WHAT YOU NEED TO DO:
Using the data below, output a verbatim copy of the lines between the one holding "Une femme portant" and the one holding "Discovering Newton Peak", inclusive, without any pictures.

DATA SECTION: Begin

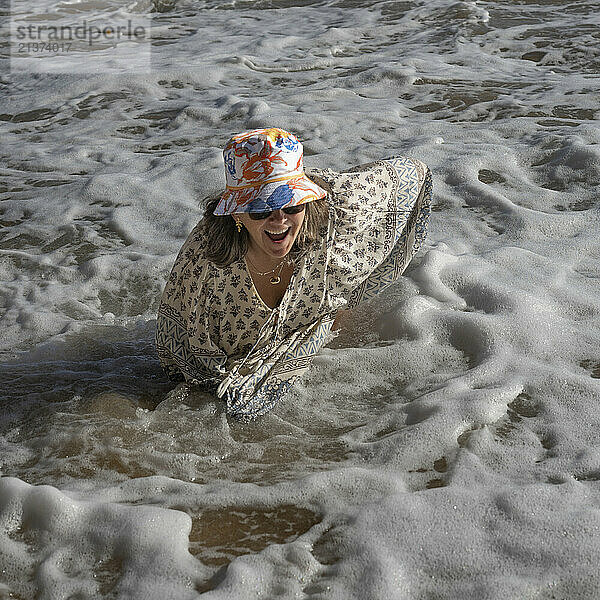 Woman enjoys time in the sea foam of the ocean surf on one of the Sagres Beaches on the Portugal coast; Sagres  Faro  Portugal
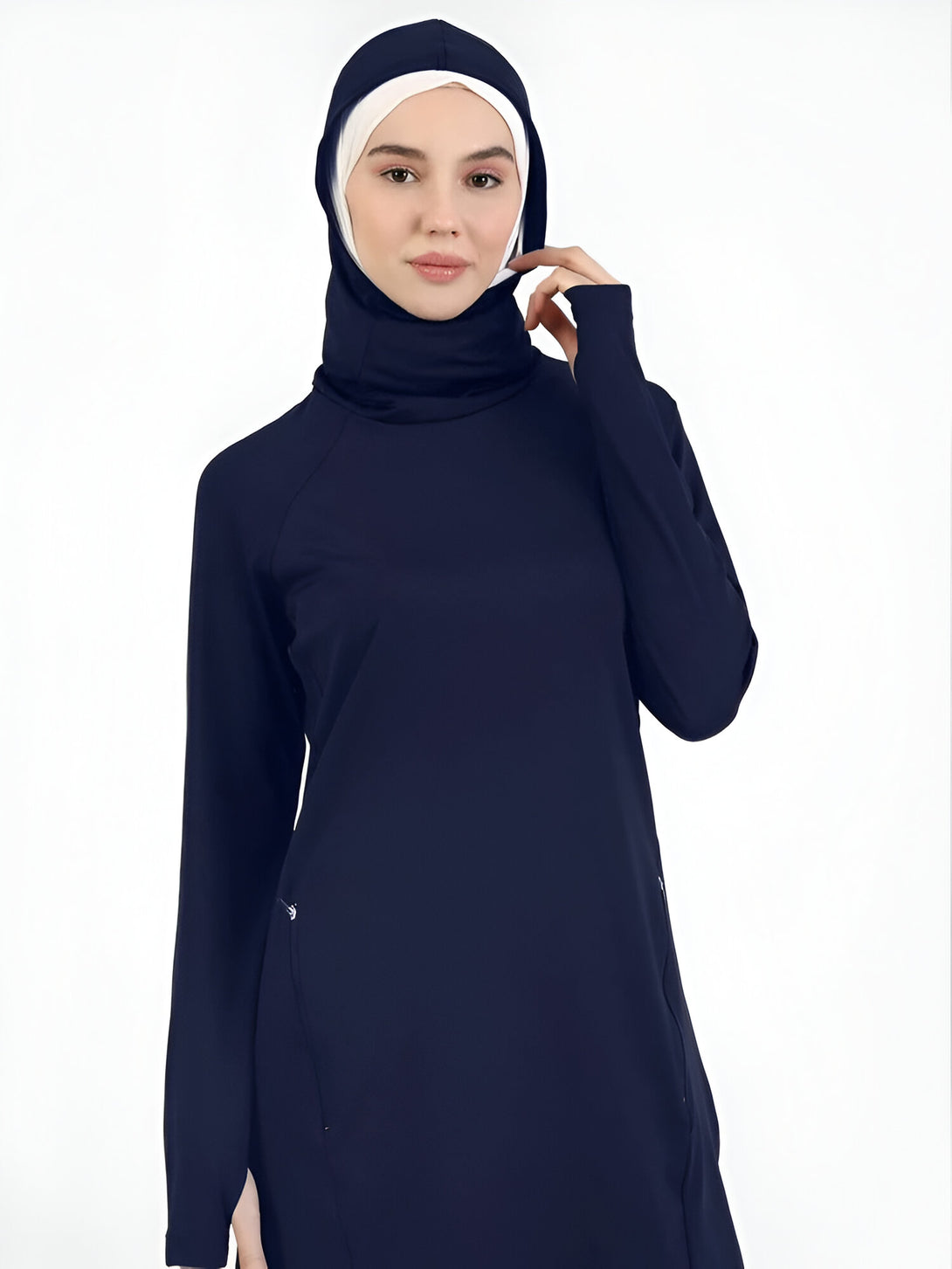 Une femme portant une robe longue bleue marine avec une capuche et des manches longues. La robe a des poches sur les côtés. La femme porte un hijab blanc sous la capuche.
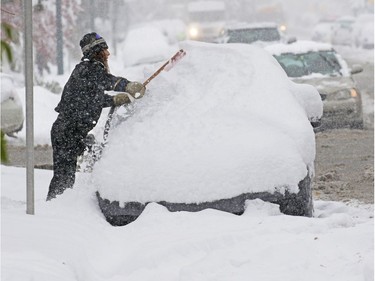 Edward Nyikes clears snow from his car in Crescent Heights on Tuesday afternoon, Oct. 2, 2018.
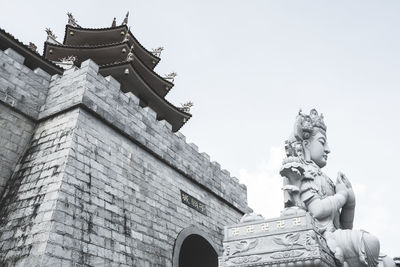 Low angle view of statue against building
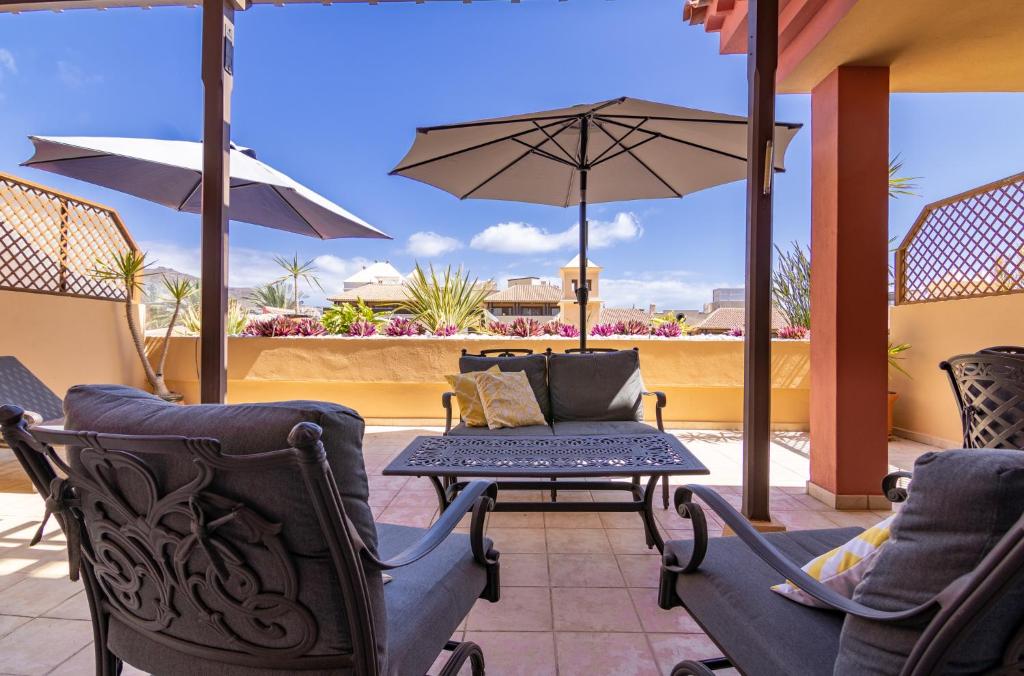 a patio with chairs and a table and an umbrella at Terrazas del Duque II Hideaway in Adeje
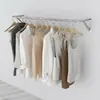 Arara de parede para loja de roupas Arara de parede lateral para pendurar roupas Prateleira de parede para roupas infantis Cabide de parede para roupas femininas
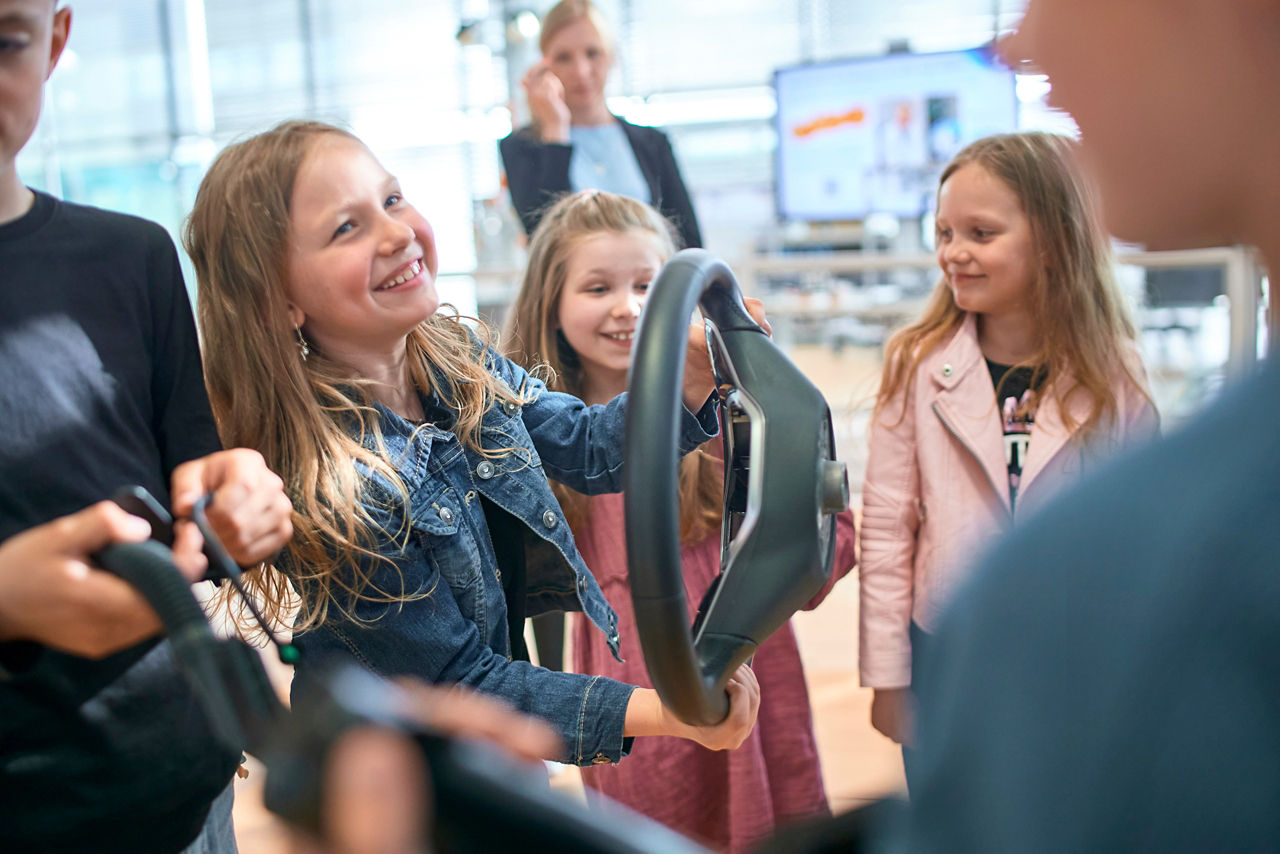 Ein Mädchen hält ein Lenkrad eines ID 3 bei einer Kids Tour in der Hand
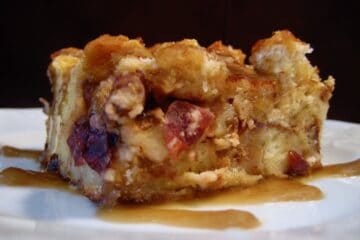 A side view of a square-cut slice of Bread Pudding drizzled with Bourbon Sauce.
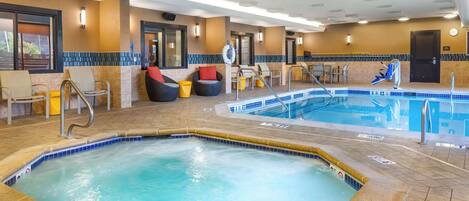 An indoor swimming pool with a hot tub, lounge chairs, and a tiled floor.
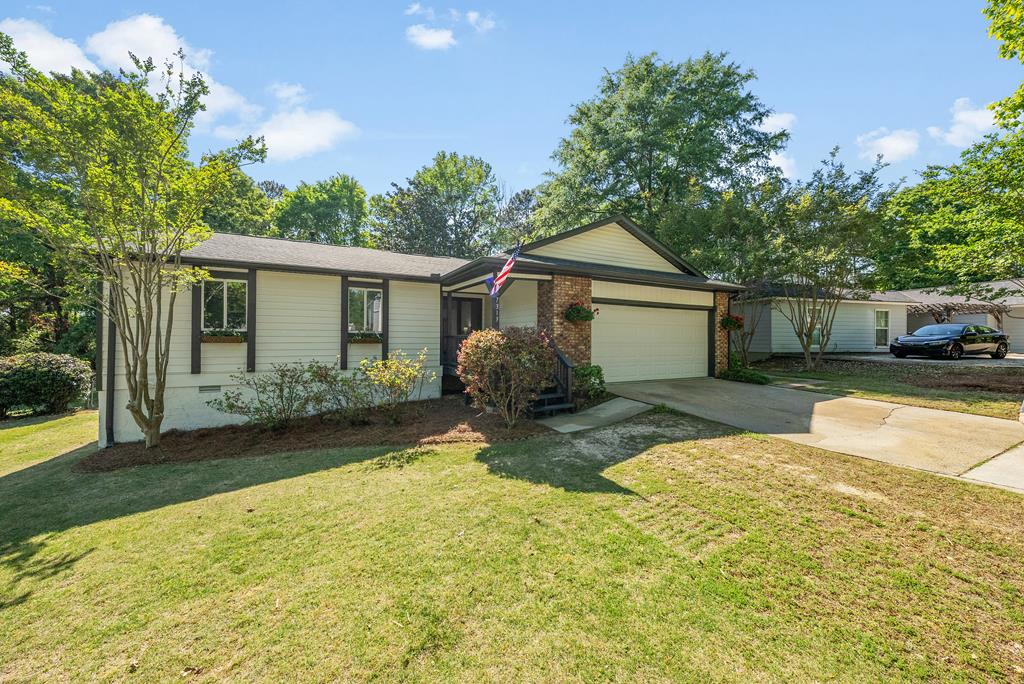 7313 Sesame Street Columbus, GA 31909 - Photo 41 of 43 a view of a house with backyard and sitting area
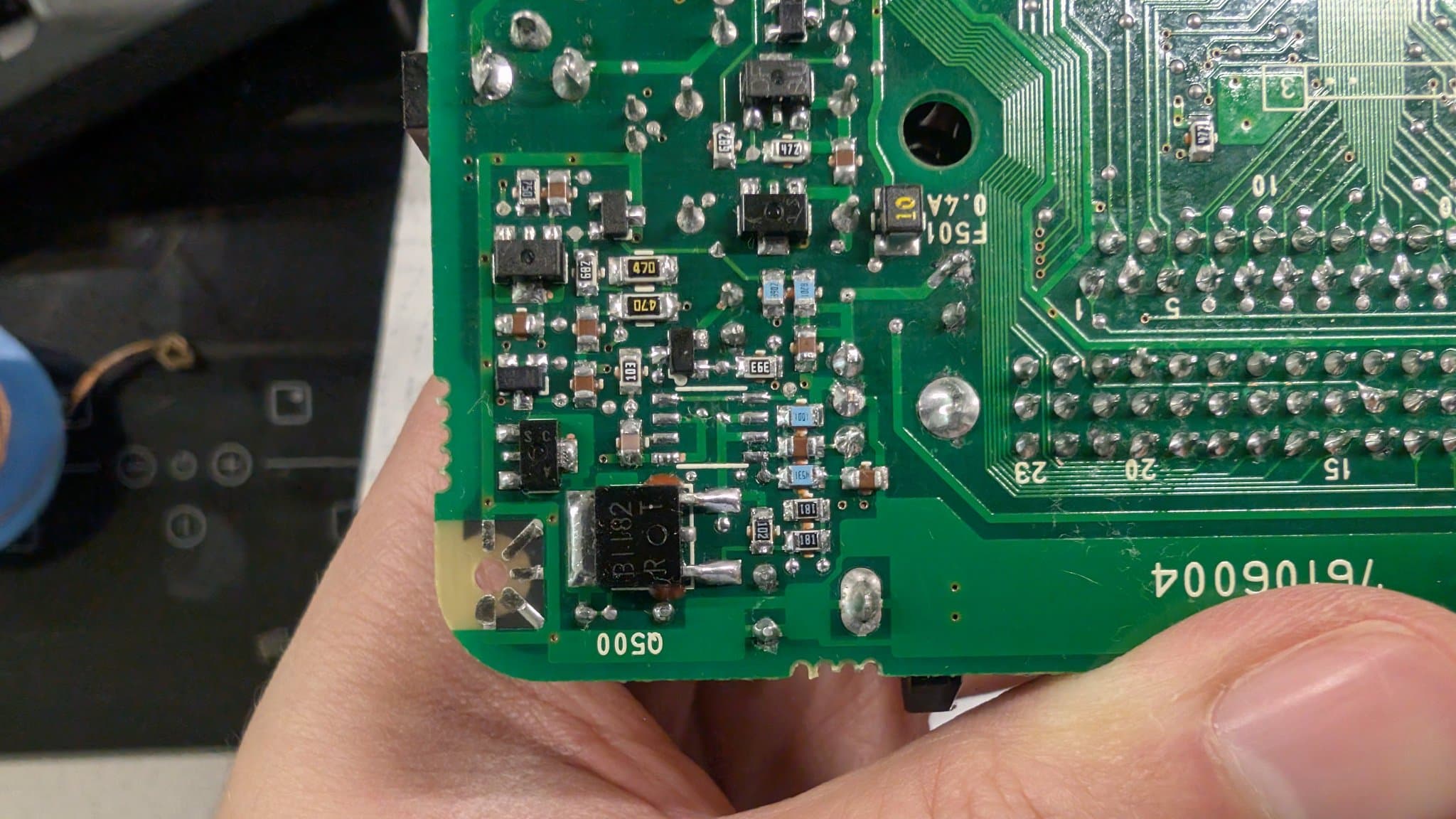 Close-up of the PC Engine LT board held in hand at the 6.5V regulator (M5291FP) area, the M5291FP lifted out of its footprint to check for damage beneath it, with the Q500 position and surrounding SMD parts visible during the repair.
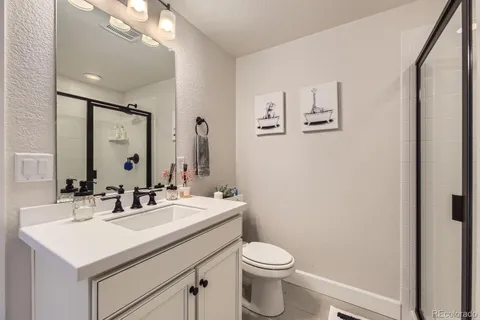 a bathroom with a sink mirror vanity and toilet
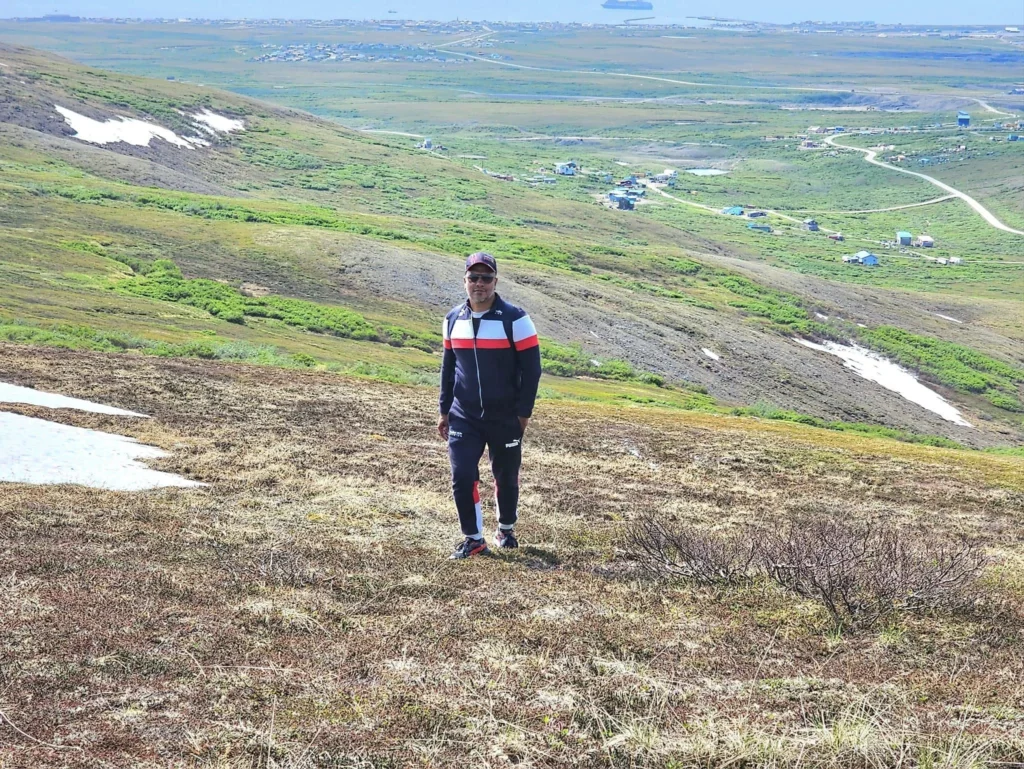 Discovering Newton Peak Hike in Nome, Alaska: A Comprehensive Adventure Guide 62 Cruising with Danny and Peter, Holland America Line, Westerdam, Nome, Alaska, United States | Scenic images of the Newton Peak Hike in Nome, Alaska, including the trailhead marking the start of the adventure, hikers ascending the challenging terrain, panoramic summit views of rolling hills and the Bering Sea, wildlife like curious squirrels and soaring birds along the trail, and vibrant wildflowers adding color to the rugged landscape.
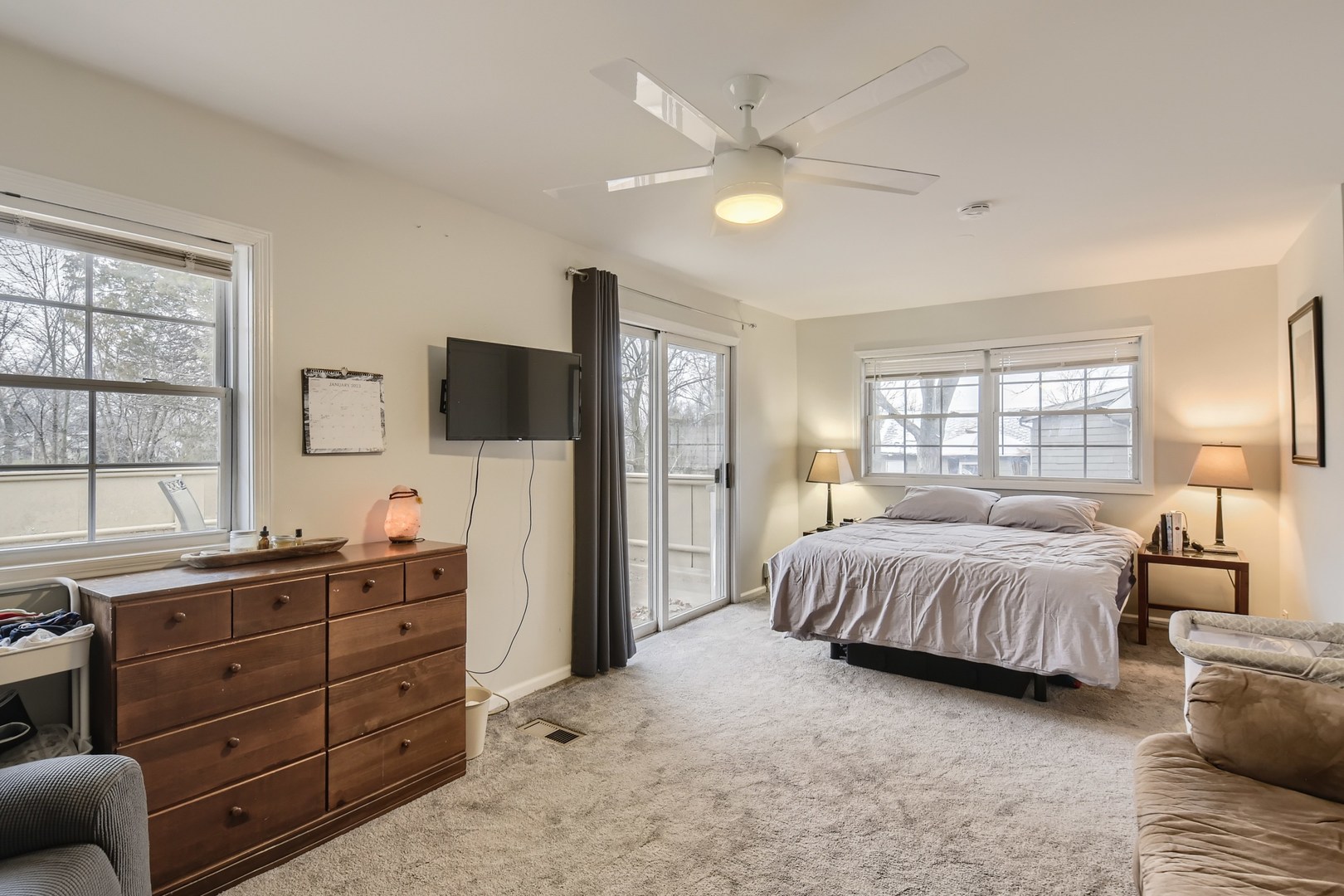 19420 Wolf Road Mokena, IL 60448 - Photo 17 of 32 a spacious bedroom with a bed and a dresser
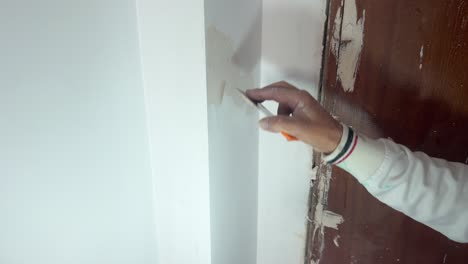 persona está haciendo ajuste fino de la pintura en la pared, sosteniendo la lámpara de luz de batería para hacerla más visible y más fácil de trabajar, artesanía y mantenimiento de la casa, concepto de reparación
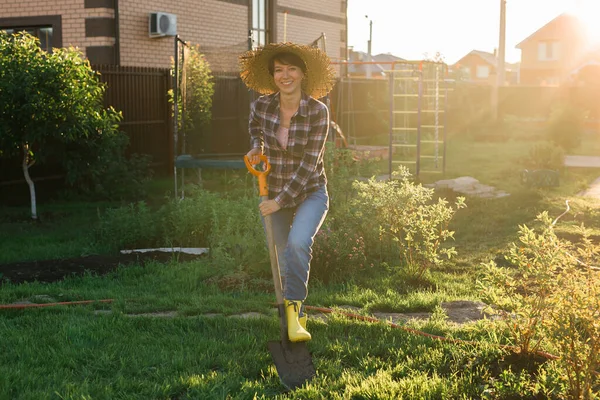 积极的女园丁在阳光灿烂的春日用铲子挖床。新季植物护理及种植概念 — 图库照片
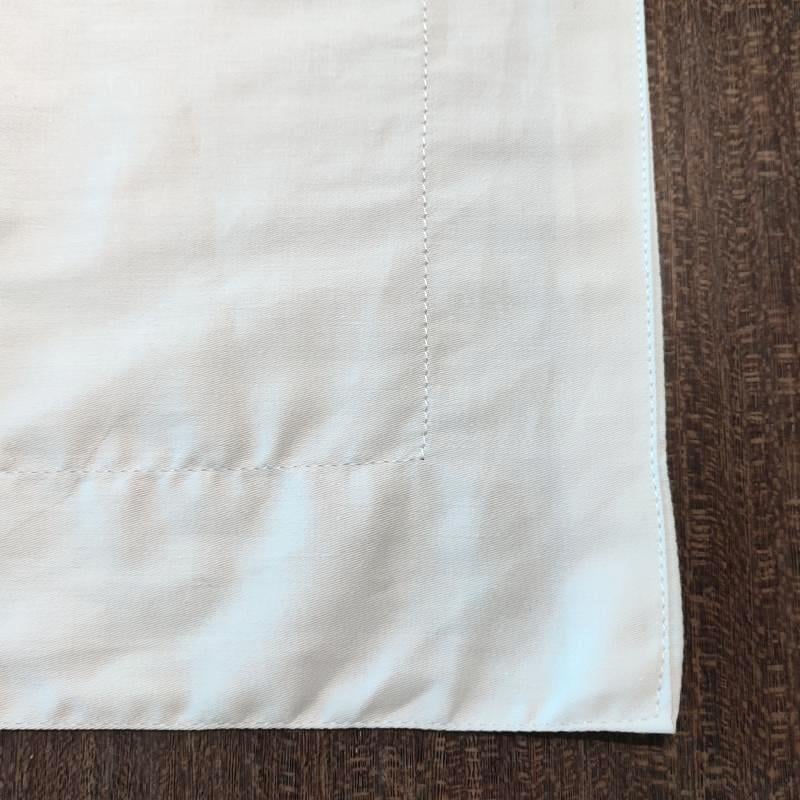 Luxury Oxford style hotel pillowcase with decorative flange border crafted from high-thread-count white cotton by Taitang.jpg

DATA SECTION: End

EXERCISE ANSWER:
 Une femme portant une robe longue bleue marine avec une capuche et des manches longues. La robe a des poches sur les côtés. La femme porte un hijab blanc sous la capuche.
 Edward Nyikes clears snow from his car in Crescent Heights on Tuesday afternoon, Oct. 2, 2018.
 Low angle view of statue against building
 a patio with chairs and a table and an umbrella at Terrazas del Duque II Hideaway in Adeje
 Arara de parede para loja de roupas Arara de parede lateral para pendurar roupas Prateleira de parede para roupas infantis Cabide de parede para roupas femininas
 Ein Mädchen hält ein Lenkrad eines ID 3 bei einer Kids Tour in der Hand
 A side view of a square-cut slice of Bread Pudding drizzled with Bourbon Sauce.
 An indoor swimming pool with a hot tub, lounge chairs, and a tiled floor.
 7313 Sesame Street Columbus, GA 31909 - Photo 41 of 43 a view of a house with backyard and sitting area
 Close-up of the PC Engine LT board held in hand at the 6.5V regulator (M5291FP) area, the M5291FP lifted out of its footprint to check for damage beneath it, with the Q500 position and surrounding SMD parts visible during the repair.
 a bathroom with a sink mirror vanity and toilet
 Discovering Newton Peak Hike in Nome, Alaska: A Comprehensive Adventure Guide 62 Cruising with Danny and Peter, Holland America Line, Westerdam, Nome, Alaska, United States | Scenic images of the Newton Peak Hike in Nome, Alaska, including the trailhead marking the start of the adventure, hikers ascending the challenging terrain, panoramic summit views of rolling hills and the Bering Sea, wildlife like curious squirrels and soaring birds along the trail, and vibrant wildflowers adding color to the rugged landscape.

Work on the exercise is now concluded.